§ EXERCISE PROMPT:
Beginning with the line that holds "Kapak për iPhone XR Spigen Tough Armor, i zi", copy each line through the end of the material below, exactly and with no pictures.

§ DATA PROVIDED:
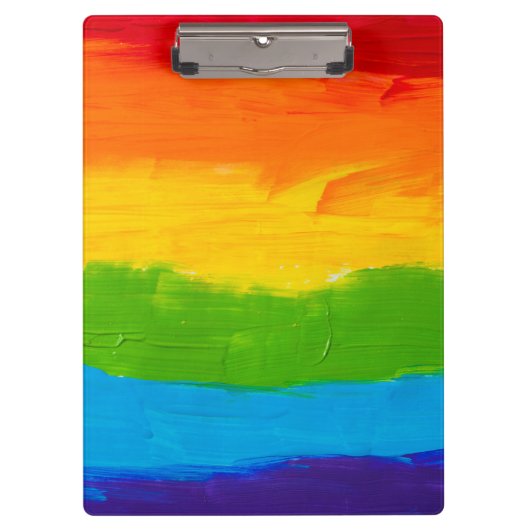 Rainbow Oil Paint Pride Clipboard - LGBT Gay Klemmbrett (Vorderseite)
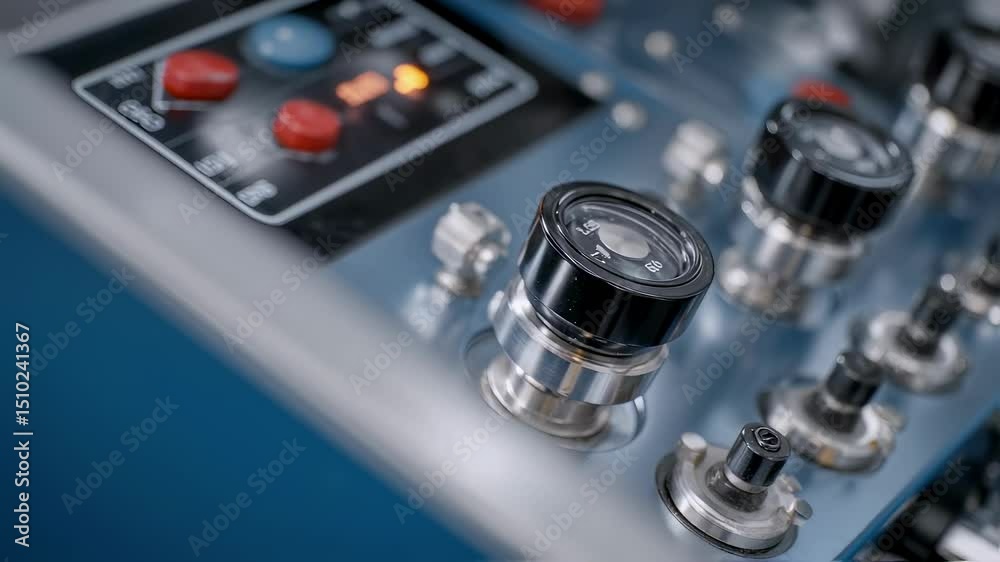 Poster close up view of a control panel with digital readouts and knobs for precise monitoring of sputterin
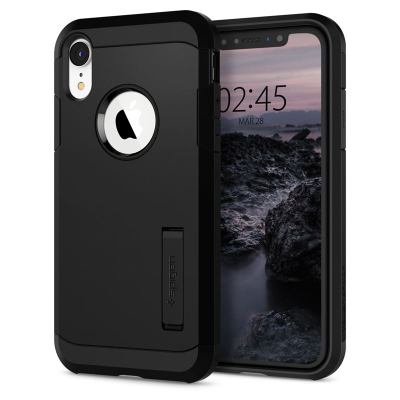 Kapak për iPhone XR Spigen Tough Armor, i zi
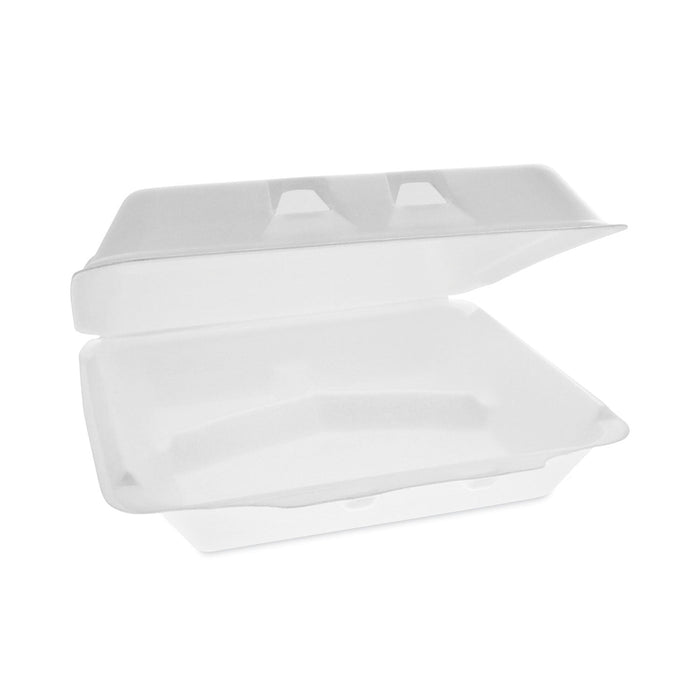 Pactiv Evergreen SmartLock Foam Hinged Lid Container, X-Large, 3-Compartment, 9.5 x 10.5 x 3.25, White, 250/Carton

§ TASK ANSWER:
 Kapak për iPhone XR Spigen Tough Armor, i zi
 Pactiv Evergreen SmartLock Foam Hinged Lid Container, X-Large, 3-Compartment, 9.5 x 10.5 x 3.25, White, 250/Carton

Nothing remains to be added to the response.